Piper v. Department of Labor

2011 VT 32, 22 A.3d 438, 189 Vt. 417, 2011 Vt. LEXIS 31
CourtSupreme Court of Vermont
DecidedMarch 18, 2011
Docket10-120
StatusPublished
Cited by3 cases

This text of 2011 VT 32 (Piper v. Department of Labor) is published on Counsel Stack Legal Research, covering Supreme Court of Vermont primary law. Counsel Stack provides free access to over 12 million legal documents including statutes, case law, regulations, and constitutions.

Bluebook
Piper v. Department of Labor, 2011 VT 32, 22 A.3d 438, 189 Vt. 417, 2011 Vt. LEXIS 31 (Vt. 2011).

Opinion

Dooley, J.

¶ 1. Claimant appeals from a decision of the Employment Security Board denying his claim for unemployment benefits on the ground that he refused suitable work without good cause. We reverse.

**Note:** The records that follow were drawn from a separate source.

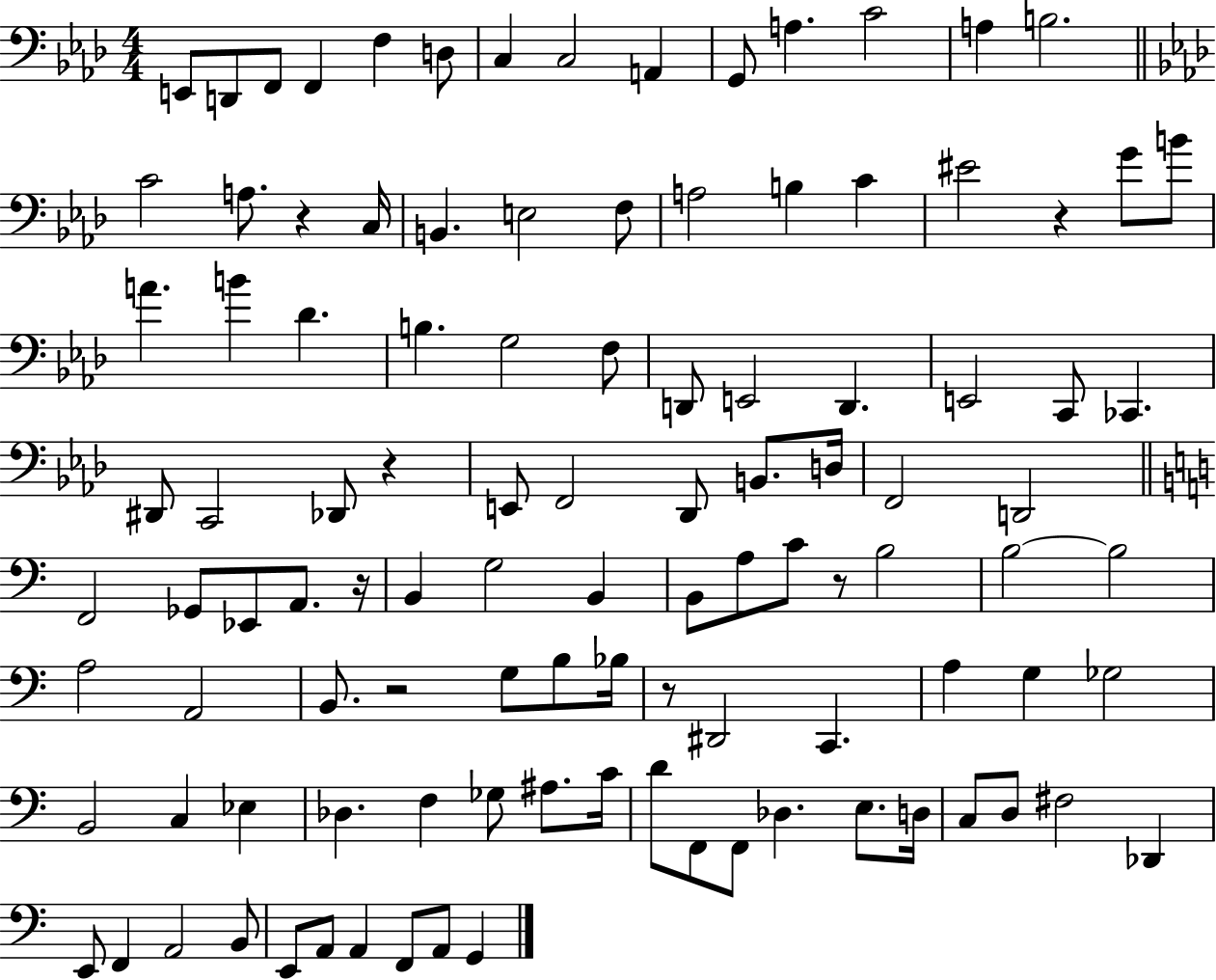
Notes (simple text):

E2/e D2/e F2/e F2/q F3/q D3/e C3/q C3/h A2/q G2/e A3/q. C4/h A3/q B3/h. C4/h A3/e. R/q C3/s B2/q. E3/h F3/e A3/h B3/q C4/q EIS4/h R/q G4/e B4/e A4/q. B4/q Db4/q. B3/q. G3/h F3/e D2/e E2/h D2/q. E2/h C2/e CES2/q. D#2/e C2/h Db2/e R/q E2/e F2/h Db2/e B2/e. D3/s F2/h D2/h F2/h Gb2/e Eb2/e A2/e. R/s B2/q G3/h B2/q B2/e A3/e C4/e R/e B3/h B3/h B3/h A3/h A2/h B2/e. R/h G3/e B3/e Bb3/s R/e D#2/h C2/q. A3/q G3/q Gb3/h B2/h C3/q Eb3/q Db3/q. F3/q Gb3/e A#3/e. C4/s D4/e F2/e F2/e Db3/q. E3/e. D3/s C3/e D3/e F#3/h Db2/q E2/e F2/q A2/h B2/e E2/e A2/e A2/q F2/e A2/e G2/q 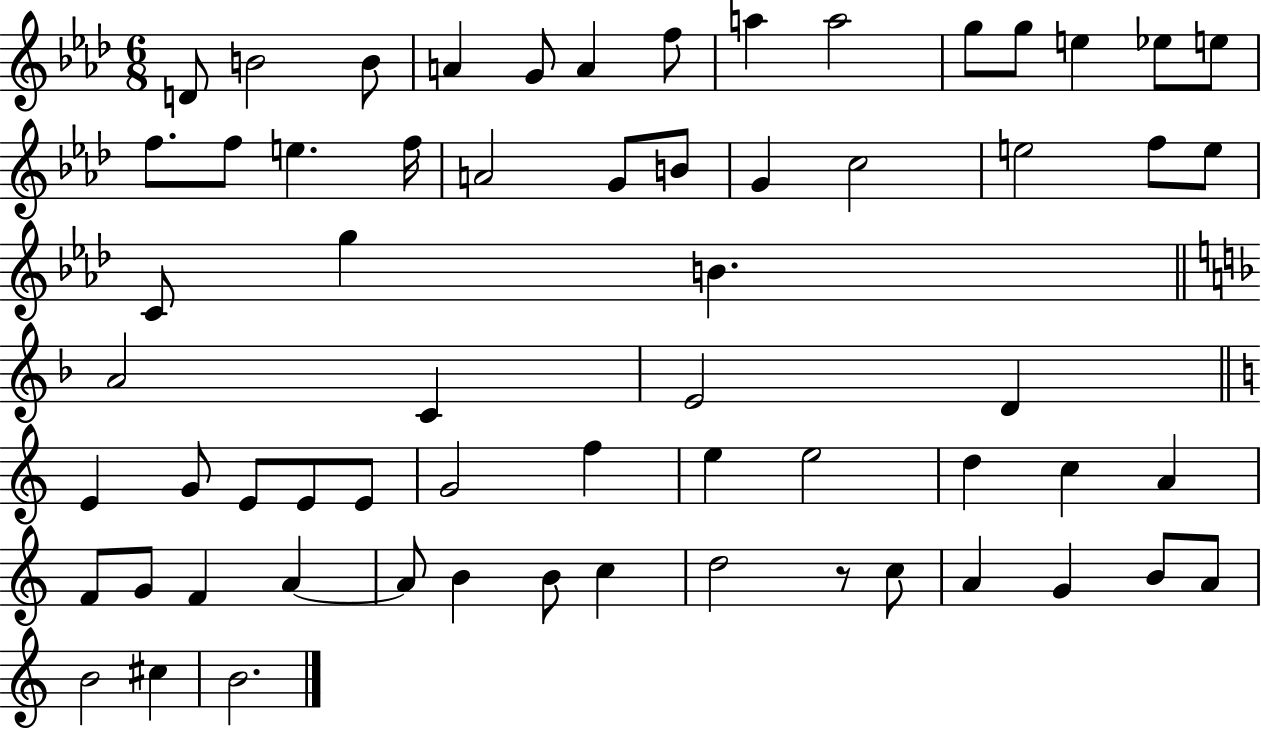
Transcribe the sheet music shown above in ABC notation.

X:1
T:Untitled
M:6/8
L:1/4
K:Ab
D/2 B2 B/2 A G/2 A f/2 a a2 g/2 g/2 e _e/2 e/2 f/2 f/2 e f/4 A2 G/2 B/2 G c2 e2 f/2 e/2 C/2 g B A2 C E2 D E G/2 E/2 E/2 E/2 G2 f e e2 d c A F/2 G/2 F A A/2 B B/2 c d2 z/2 c/2 A G B/2 A/2 B2 ^c B2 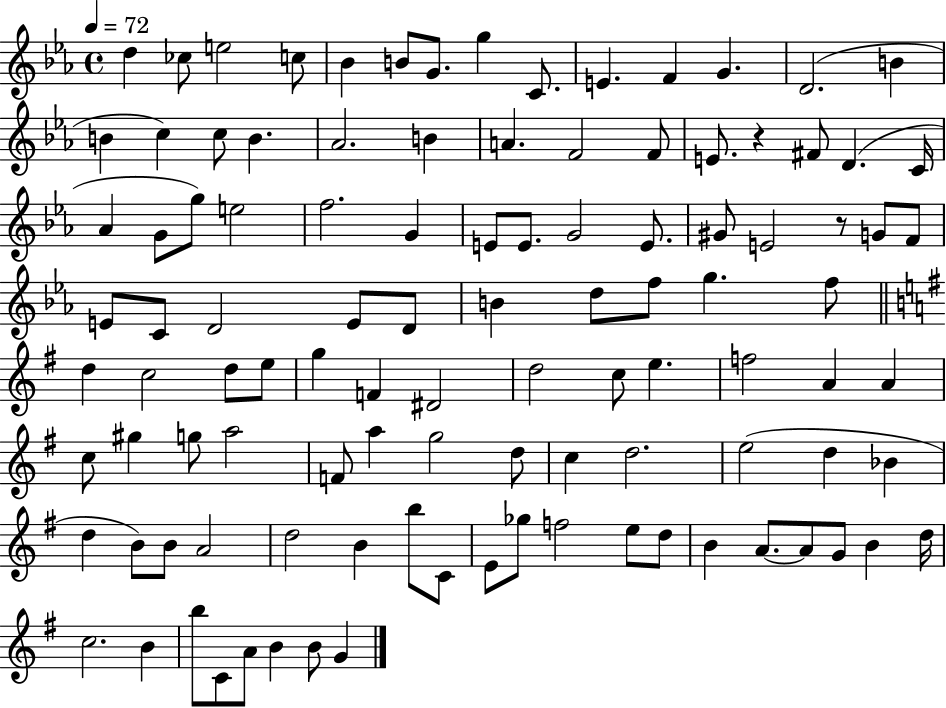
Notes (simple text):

D5/q CES5/e E5/h C5/e Bb4/q B4/e G4/e. G5/q C4/e. E4/q. F4/q G4/q. D4/h. B4/q B4/q C5/q C5/e B4/q. Ab4/h. B4/q A4/q. F4/h F4/e E4/e. R/q F#4/e D4/q. C4/s Ab4/q G4/e G5/e E5/h F5/h. G4/q E4/e E4/e. G4/h E4/e. G#4/e E4/h R/e G4/e F4/e E4/e C4/e D4/h E4/e D4/e B4/q D5/e F5/e G5/q. F5/e D5/q C5/h D5/e E5/e G5/q F4/q D#4/h D5/h C5/e E5/q. F5/h A4/q A4/q C5/e G#5/q G5/e A5/h F4/e A5/q G5/h D5/e C5/q D5/h. E5/h D5/q Bb4/q D5/q B4/e B4/e A4/h D5/h B4/q B5/e C4/e E4/e Gb5/e F5/h E5/e D5/e B4/q A4/e. A4/e G4/e B4/q D5/s C5/h. B4/q B5/e C4/e A4/e B4/q B4/e G4/q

*419 ¶2. Claimant had previously worked for employer, Mike’s Electric, but was laid off and filed a claim for unemployment compensation benefits in January 2009. Claimant lives in Derby, but testified that he worked at various job sites for employer around Vermont. Some of the work sites, such as Jay, were close to his home, but others, including Springfield and Brattleboro, were a two to two-and-a-half hour drive away, by claimant’s estimate. Claimant testified that, for the more distant jobs, employer would pay for his travel time and overnight stays at motels.

¶ 3. In early September 2009, employer offered claimant an opportunity to work as an electrical helper on a job site in Albany, New York, approximately five hours from claimant’s home. Claimant refused the offer, and a Department of Labor claims adjudicator determined that he had refused suitable work without good cause, which required him to return an unemployment compensation overpayment of $297 and disqualified him from receiving additional benefits until he had satisfied certain conditions. The adjustor relied on 21 V.S.A. § 1344(a)(2)(C), which disqualifies an applicant from benefits if he or she has failed, without good cause, to accept suitable work when offered.

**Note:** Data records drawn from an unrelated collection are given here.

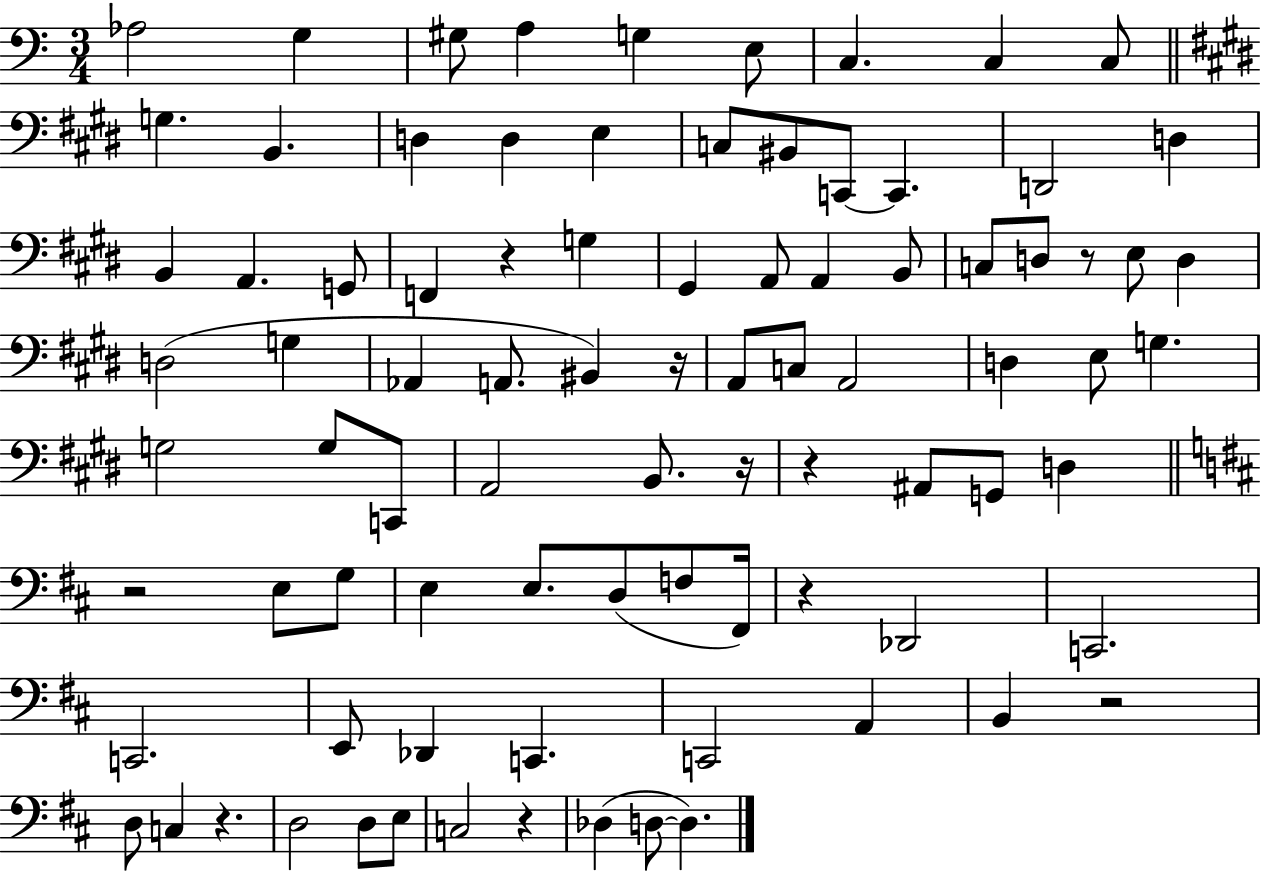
{
  \clef bass
  \numericTimeSignature
  \time 3/4
  \key c \major
  aes2 g4 | gis8 a4 g4 e8 | c4. c4 c8 | \bar "||" \break \key e \major g4. b,4. | d4 d4 e4 | c8 bis,8 c,8~~ c,4. | d,2 d4 | \break b,4 a,4. g,8 | f,4 r4 g4 | gis,4 a,8 a,4 b,8 | c8 d8 r8 e8 d4 | \break d2( g4 | aes,4 a,8. bis,4) r16 | a,8 c8 a,2 | d4 e8 g4. | \break g2 g8 c,8 | a,2 b,8. r16 | r4 ais,8 g,8 d4 | \bar "||" \break \key b \minor r2 e8 g8 | e4 e8. d8( f8 fis,16) | r4 des,2 | c,2. | \break c,2. | e,8 des,4 c,4. | c,2 a,4 | b,4 r2 | \break d8 c4 r4. | d2 d8 e8 | c2 r4 | des4( d8~~ d4.) | \break \bar "|."
} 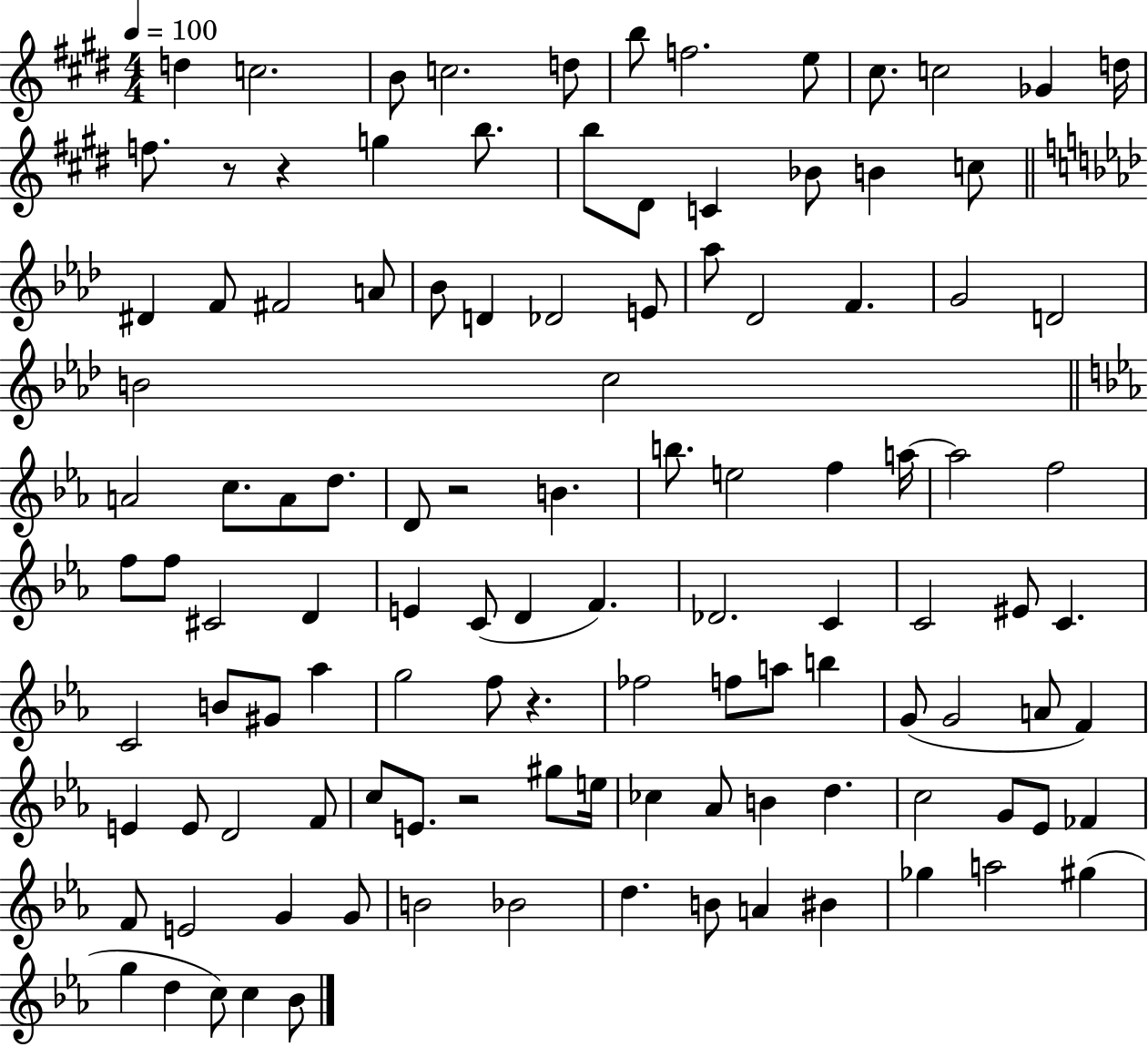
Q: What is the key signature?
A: E major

¶ 4. Claimant appealed the decision to. an administrative law judge (ALJ), who held a hearing in November 2009. Claimant testified that his living situation had changed, that he currently lived alone, and that he could no longer be away for up to a week with no one at his property. Following the hearing, the ALJ issued a written decision, reversing the ruling of the claims adjustor. The ALJ found that Albany required a five-hour drive from claimant’s home; that in the past, claimant had always worked in Vermont within two-and-a-half hours of his home; that the work in Albany was outside claimant’s labor market area; and, consequently, that the job did not constitute “suitable” work.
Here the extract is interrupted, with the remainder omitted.